● RECORDS:
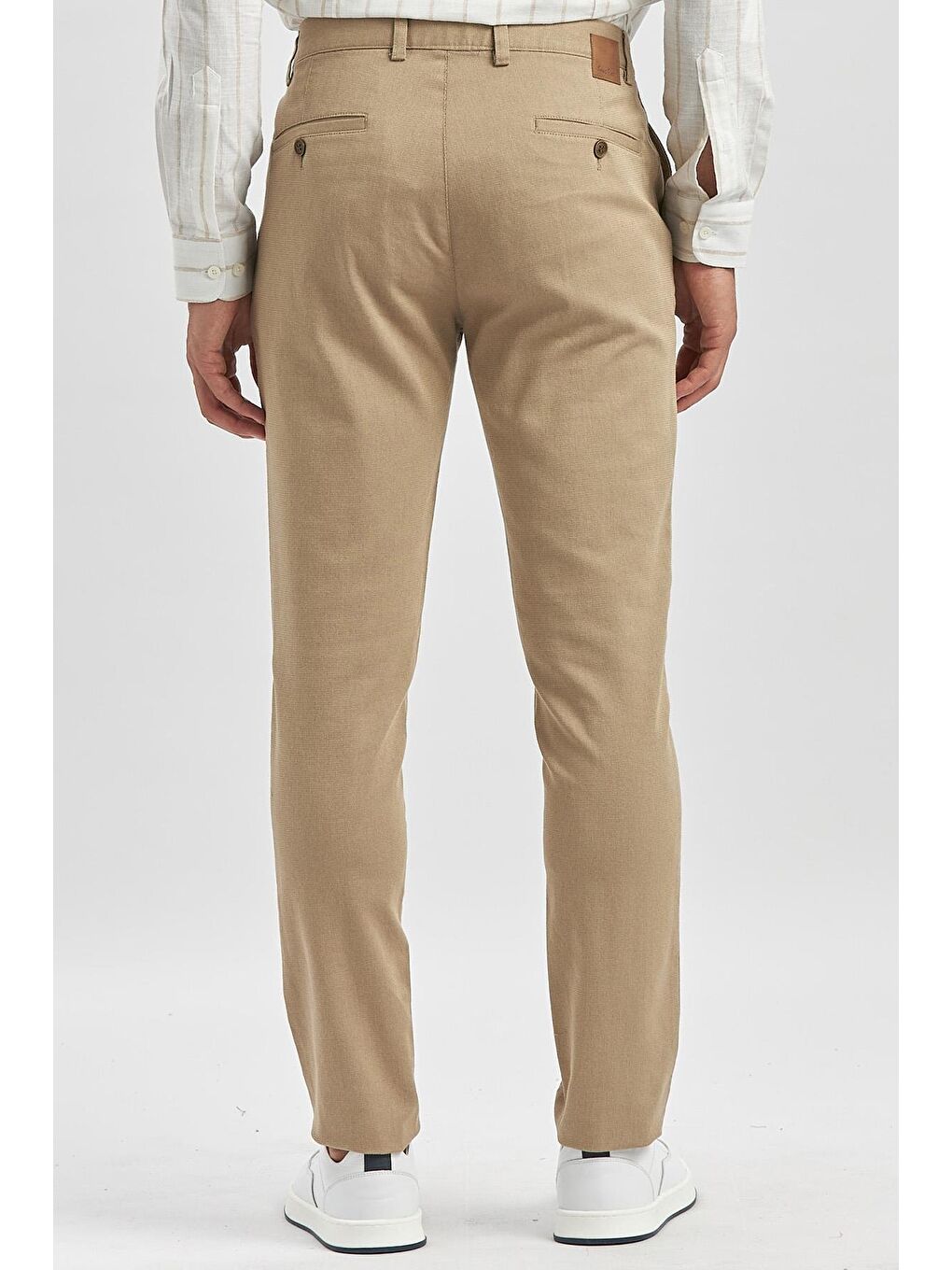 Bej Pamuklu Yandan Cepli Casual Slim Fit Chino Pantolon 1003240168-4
--
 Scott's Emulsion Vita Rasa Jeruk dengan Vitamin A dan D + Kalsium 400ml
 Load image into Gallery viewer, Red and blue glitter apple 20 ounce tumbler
--
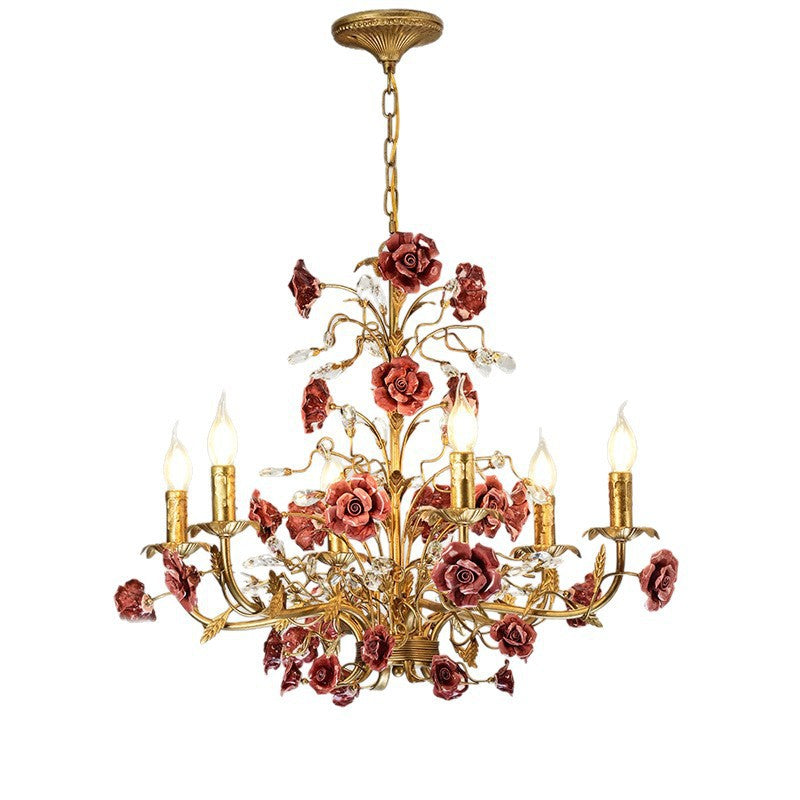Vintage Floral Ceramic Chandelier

● WORK REQUIRED: Please reproduce, exactly as they appear above, the lines from the line containing "Scott's Emulsion Vita" up to and including the line containing "Load image into".

● ANSWER TO THIS PROBLEM:
 Scott's Emulsion Vita Rasa Jeruk dengan Vitamin A dan D + Kalsium 400ml
 Load image into Gallery viewer, Red and blue glitter apple 20 ounce tumbler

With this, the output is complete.